A few months later, I moved to a new boss who helped develop me and positively pushed me to perform better. Within a year, I received my first big promotion.

The 2nd boss was firm when they needed to be, which I knew wasn’t terribly comfortable for them. They taught me best practices. They sought my opinion more and gave me a little more freedom. That boss became a great leader for me early in my career by showing up how I and our business unit needed it at the moment.

Daniel Goleman, one of the leading voices in Emotional Intelligence over the past 30 years, researched and wrote about the leadership styles that all leaders need to be able to step into depending on circumstances.

Here are his 6 primal leadership styles.

Commanding Leaders

This style demands immediate compliance and offers little to no explanation behind the commands. “Do it because I say so” is the feeling. A commanding leader seeks control over all situations and monitors everything. The focus is what people are doing wrong rather than what is being done right.
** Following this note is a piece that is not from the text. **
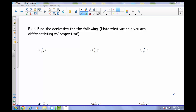Here we are at example four from our 2.7 set of notes. We're asked to find the derivative for the following. It's really important to note what we're actually differentiating with respect to, because that will make all the difference in terms of what our derivatives come out to be.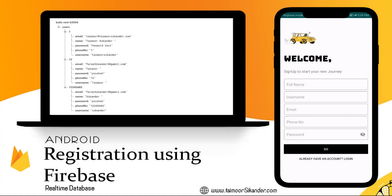Assalamu alaikum, my name is Theimur Sikandar and today we are going to start our Firebase tutorials. Inside this series we have just started, so in the first video we created our splash screen, then sign in and sign up screens. Now we are going to create our Firebase tutorial.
While the pervasive use of this style is not conducive to employee growth and happiness and not a good long term style, it can be beneficial in crisis situations or when urgent turnarounds are necessary.

Pacesetting Leaders

This style exemplifies excellence. It’s the leader who is really good or likely the best at the main job of the business. Pacesetting obsesses over doing better, doing more, always raising the bar. Low performers are pinpointed and pressure builds to get pace with the leader.

This style works well in start-up, sales, technical or highly competitive environments when the team can keep up with the leader. The danger is that employees that can keep up with  the leader feel pushed too hard and can get burned out quickly. This style often relies on having people follow them rather than teaching and providing direction.

Democratic Leaders

Like in a democracy, this style creates an environment where all voices and opinions are heard and considered. Collaboration is rampant and decisions are made by committee. The democratic style uses input from employees to gain clarity over uncertainty.

Use this style when ideas are needed to push a path or project forward and to gain key insights from the people who will be implementing and executing. However, the challenge with this style is that decisions can be delayed or not made if there’s not a clear consensus in a direction.

Affiliative Leaders

This style promotes harmony in the workplace and nurtures relationships. Affiliative leaders focus on the emotional needs of people – sometimes even over results. Praise is lavishly given and leaders use empathy and emotional intelligence to guide the team.

This works well in environments where harmony and connection of a team are assets. And this style provides motivation to work through challenges in times of stress because people feel the leader has their back. However, this style does not necessarily address performance issues or pushes to elevate the performance of the team.

Coaching Leaders

The coaching leader helps people identify key strengths and weaknesses while tying those into career and personal goals. This style challenges employees with assessments meant to stretch them into better performance or new skill sets. Leaders can boost confidence and morale.

This style works really well with employees that are eager to learn, grow and develop. Because of the efforts to push their people, environments where micro failures lead to growth and higher performance are great places to practice this style. However, in places and with people that require too much direction or lack internal motivation, this style can fall flat.

Visionary Leaders

This style paints the picture of where the group or business is going. It focuses more on the journey and not so much on how things are executed to get there. Though, this style does provide a standard of performance that anchors towards the grand vision. With this style, companies can become “brands” that distinguish themselves from competitors in a similar space.

This style, according to Goleman a & his research, is the optimum “default” style that is used in most business and with most leaders. It’s especially effective during a turnaround or when a fresh vision is needed. However, leaders should be mindful of this style coming across disconnected, aloof or tone-deaf depending on the business dynamics.

The greatest leaders have all 6 of these in their toolkit and know when to use them with teams and individuals. No one style is perfect. Therefore, being able to understand how you show up as each of these is vital to your ability to raise your leadership lid and help your team win.